Petabyte-level file storage needs compelled Ancestry.com to shift from traditional scale-up network-attached storage...
(NAS), and its capacity and performance limitations, to the scale-out network-attached storage offerings of Isilon Systems Inc. and BlueArc Corp. long before their respective acquisitions by EMC Corp. and Hitachi Data Systems Corp.
Provo, Utah-based Ancestry.com once stored more than 200 TB in NetApp Inc.’s conventional scale-up filers. But NetApp’s “idiot-simple” interface, ease of administration and “top-notch” Windows integration ultimately weren’t enough to offset the scaling limitations of traditional NAS systems that require disruptive “forklift upgrades,” said Travis Smith, senior manager of storage operations at Ancestry.com.
“You could only have a handful of terabytes behind each one and still get decent performance,” Smith said of the company’s aging NetApp boxes. “That drove us to look at the Isilon.”
Ancestry.com’s data includes 7 billion records from 1.7 million subscribers gathered in the last 15 years. The company now stores only 30 TB in its older model NetApp systems, and has 3.8 PB of photographs, document images and other file data in Isilon’s X-Series scale-out NAS and 140 TB of performance-sensitive data in BlueArc’s Titan 3000 Series. Ancestry also has 1.3 PB of block data in storage-area network (SAN) systems from Hewlett-Packard (HP) Co./3PAR Inc., Hitachi Data Systems and Nexsan Corp.
Expanding Isilon capacity
Boosting capacity and performance in Isilon’s modular environment requires adding a storage node, which is essentially a server equipped with a special operating system, distributed file system, and hard disks or solid-state drives (SSDs). The system automatically handles the load balancing.
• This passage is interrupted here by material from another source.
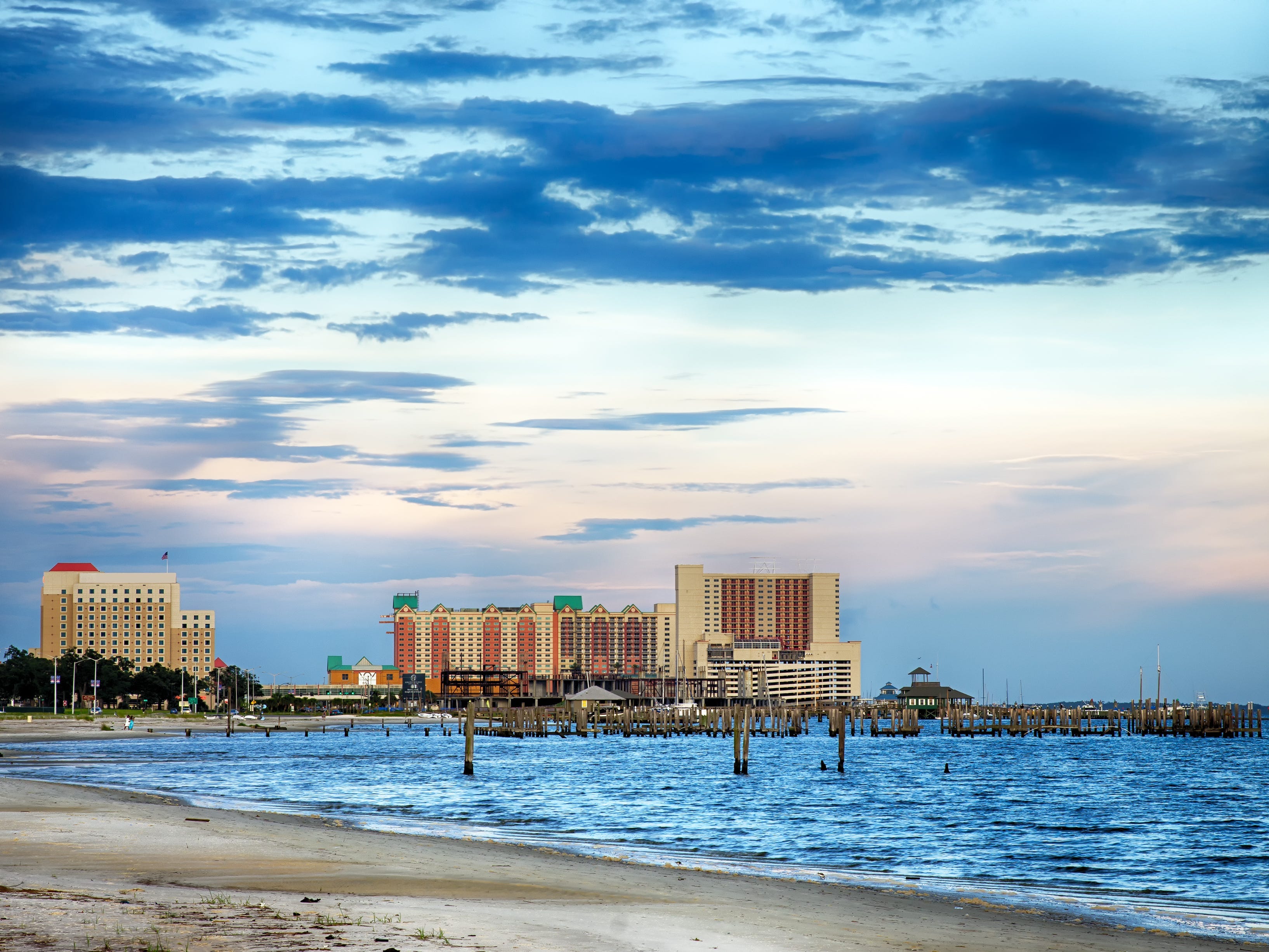 Casinos and buildings along the Gulf Coast shore at sunset.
Ancestry.com is expanding its Isilon capacity to 4.5 PB to accommodate its growing file storage needs. The organization already has 84 nodes of Isilon’s 12000X platform and 84 12000EX expansion nodes, and recently added 34 of the larger, faster 36000X nodes and 12 of the 32000X nodes equipped with SSDs for metadata caching. Smith said the SSDs made a dramatic impact on the speed of the roughly 3.5 million searches that Ancestry.com's customers do per day.
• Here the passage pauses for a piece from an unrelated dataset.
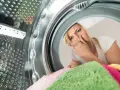 Kobieta zatyka nos, czując brzydki zapach z pralki. W środku widać kolorowe ręczniki.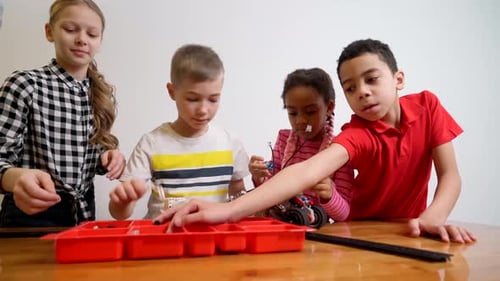 Kids Using Building Kit To Create Car.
Another significant benefit of an Isilon cluster is its ability to manage petabytes of data under a single file system, although Smith said he’s not comfortable with going beyond 500 TB. Ancestry.com’s largest cluster currently stores approximately 300 TB.
An added plus with the Unix-based Isilon is the ability to write command-line programs and daemons for a wide range of functions, such as system checks for files of a certain size or age, or distribution of the indexing process across all nodes of a cluster, Smith said.
“They give you enough rope to hang yourself,” he cautioned, “so you need to be careful with what you’re doing.”
No system is perfect, and Ancestry.com has encountered its share of kinks and bugs in the early Isilon technology, Smith said. Isilon systems weren’t able to handle Ancestry.com’s highest performance needs in 2009, so the company bought a pair of BlueArc Titans to provide fast access to small files, such as the reduced size, low-resolution thumbnails of user uploaded photos.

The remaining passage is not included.